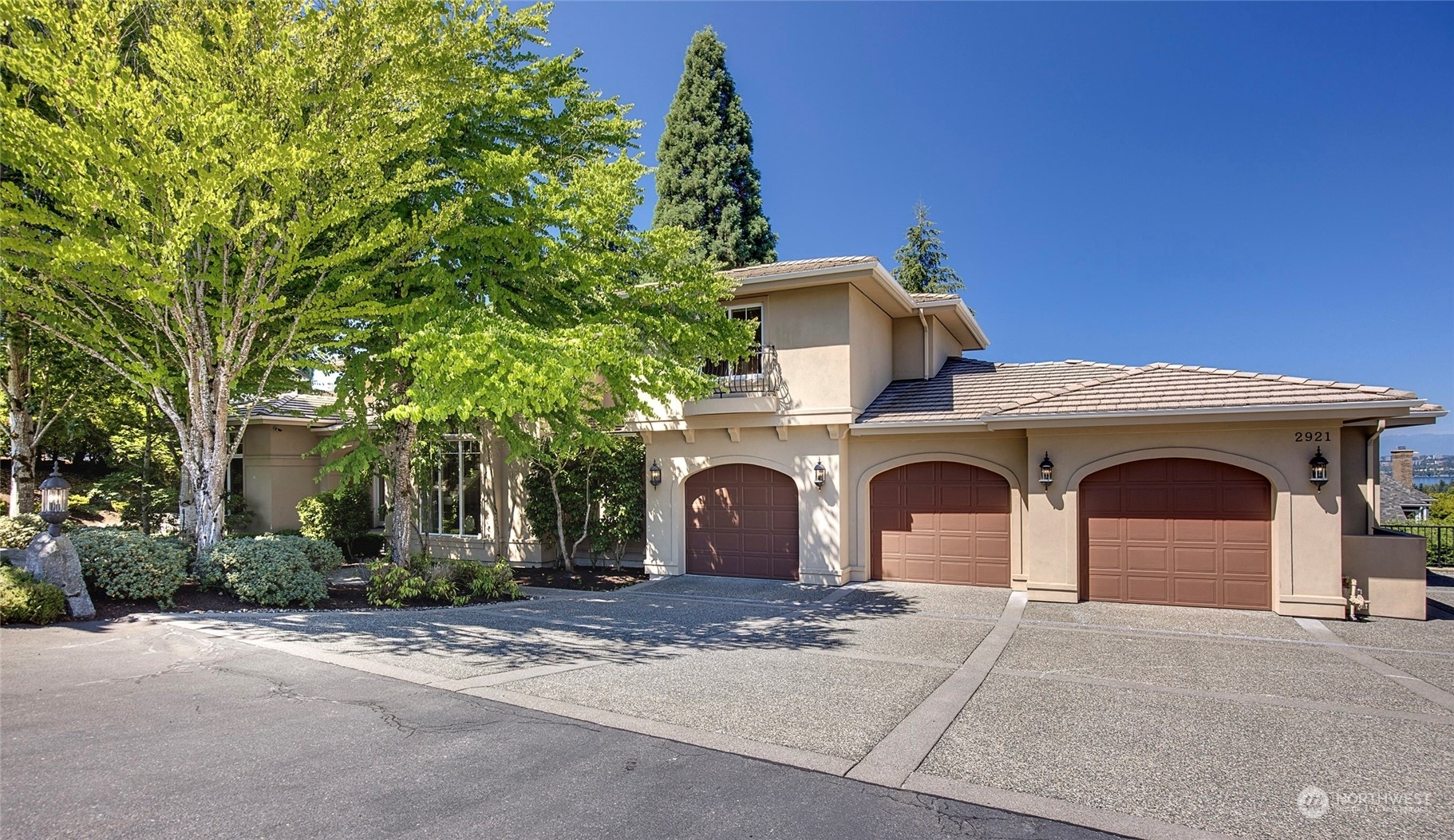 Property Photo: 2921 98th Avenue NE WA 98004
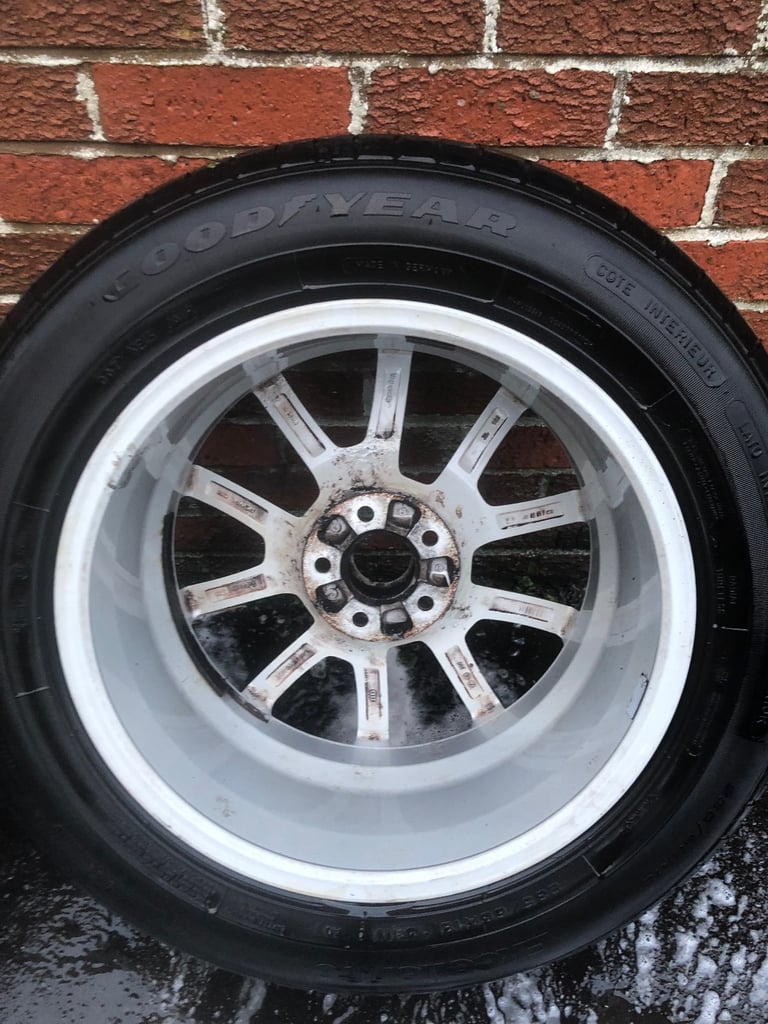 Audi 18 inch alloys 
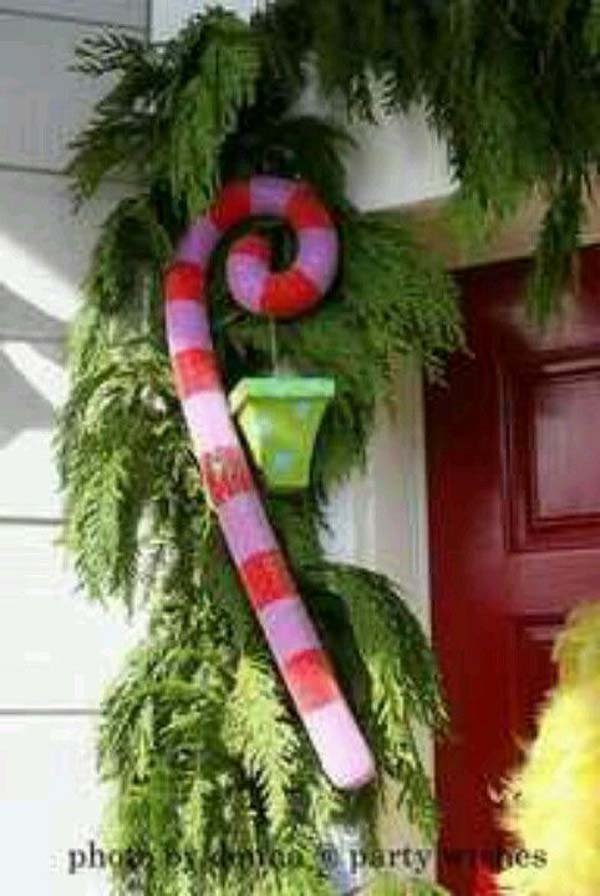 10 Amazing DIY Christmas Decorations Created From Pool Noodles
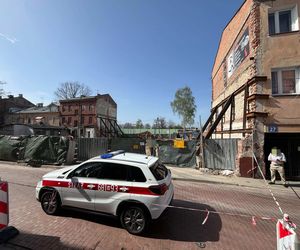 Katastrofa budowlana w Wołominie. Runęła część kamienicy. Koparka pod gruzami!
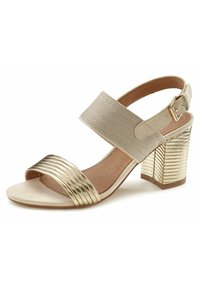 Gouden sandalen met hakken, voorzien van een gestructureerde visgraatband, een brede metalen band en een ribbelachtige blokhak. Open teen design.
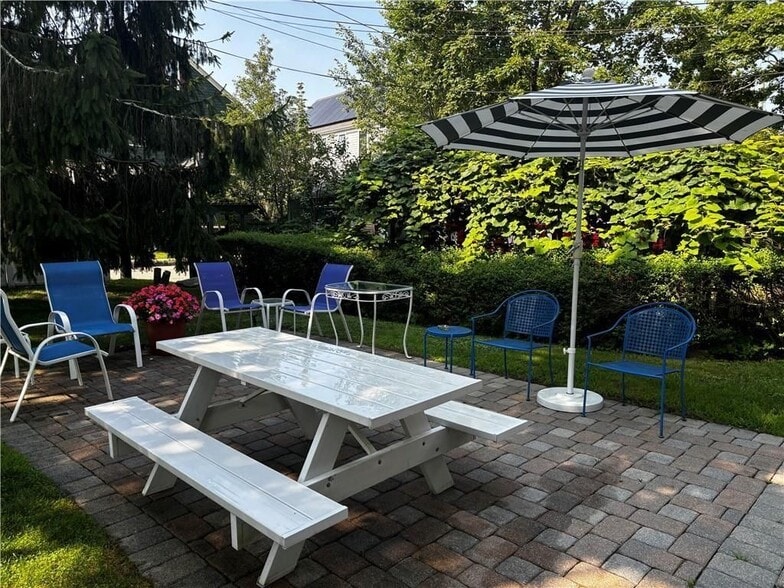 Building Photo - 45 E Bowery St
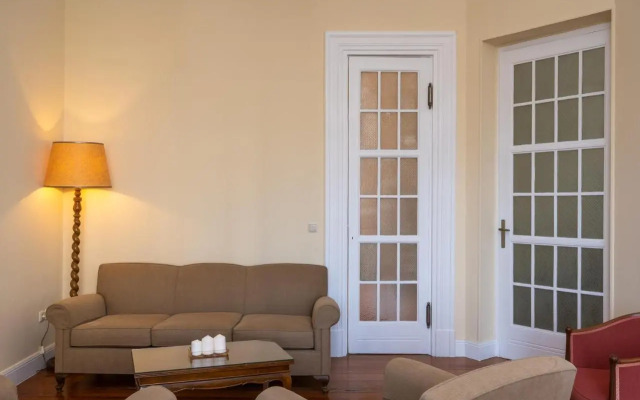1930's neoclassical apt in the heart of Athens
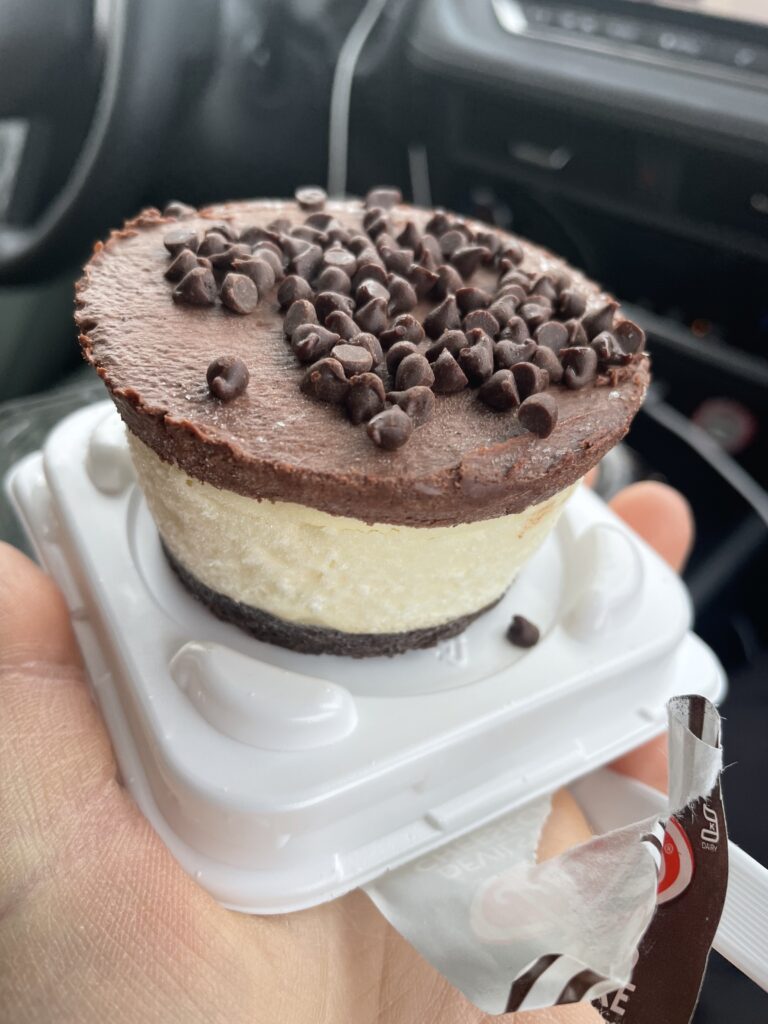 ジュニアーズ、チーズケーキ、アウトレット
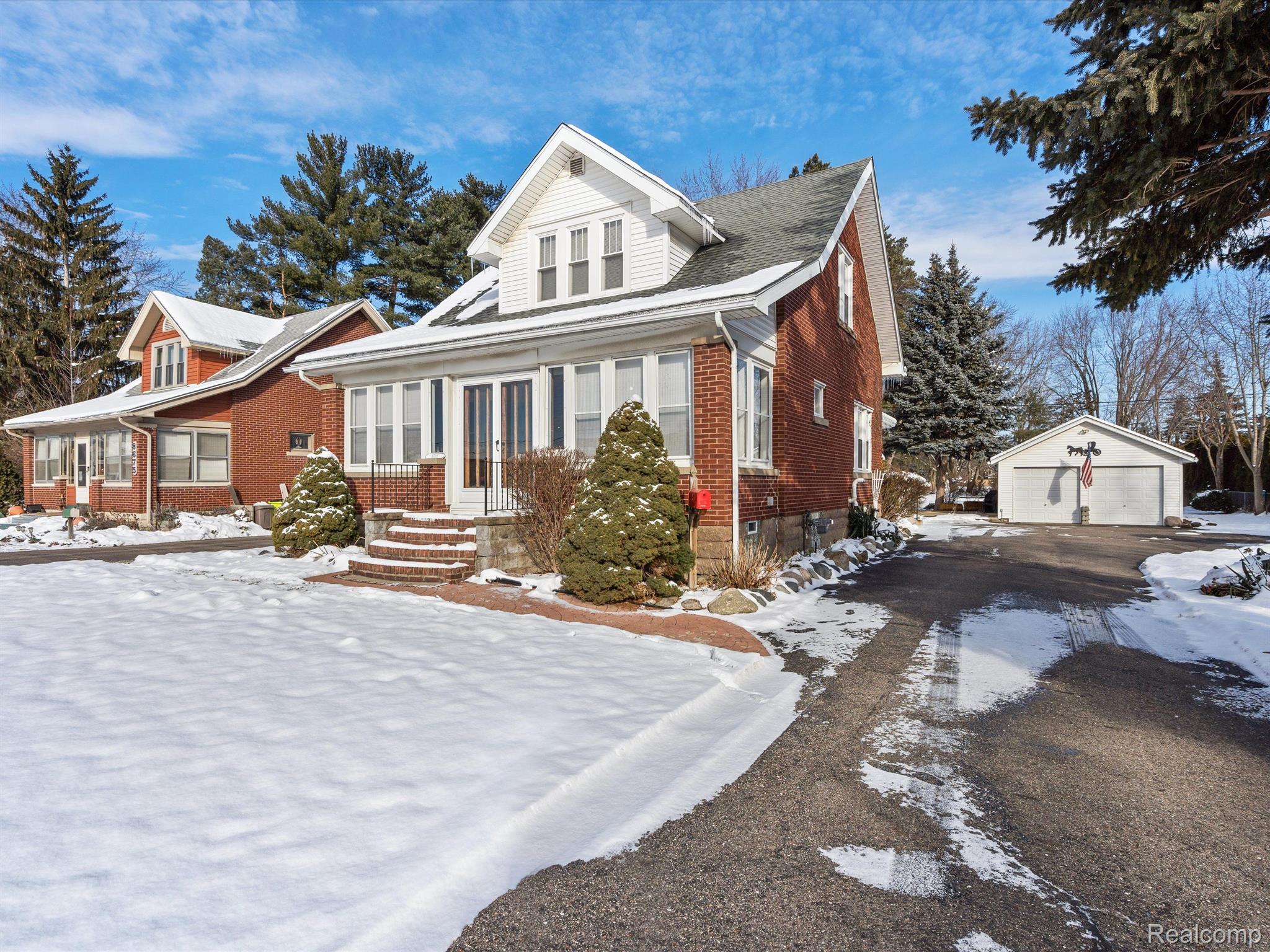 8705 Canal Road Sterling Heights, MI 48314 - Photo 2 of 28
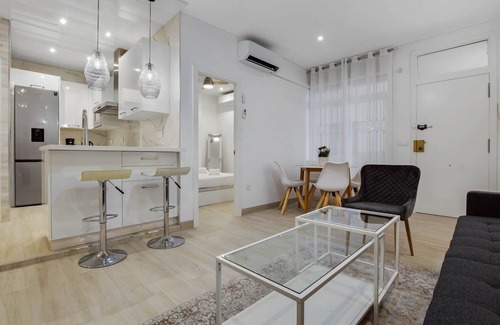 Carihuela Apartamento | Apartment in La Carihuela near the Beach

• • •

# Your goal:
Keep every word of the records and none of the pictures when you print them again.

# Answer for this exercise:
 Property Photo: 2921 98th Avenue NE WA 98004
 Audi 18 inch alloys 
 10 Amazing DIY Christmas Decorations Created From Pool Noodles
 Katastrofa budowlana w Wołominie. Runęła część kamienicy. Koparka pod gruzami!
 Gouden sandalen met hakken, voorzien van een gestructureerde visgraatband, een brede metalen band en een ribbelachtige blokhak. Open teen design.
 Building Photo - 45 E Bowery St
1930's neoclassical apt in the heart of Athens
 ジュニアーズ、チーズケーキ、アウトレット
 8705 Canal Road Sterling Heights, MI 48314 - Photo 2 of 28
 Carihuela Apartamento | Apartment in La Carihuela near the Beach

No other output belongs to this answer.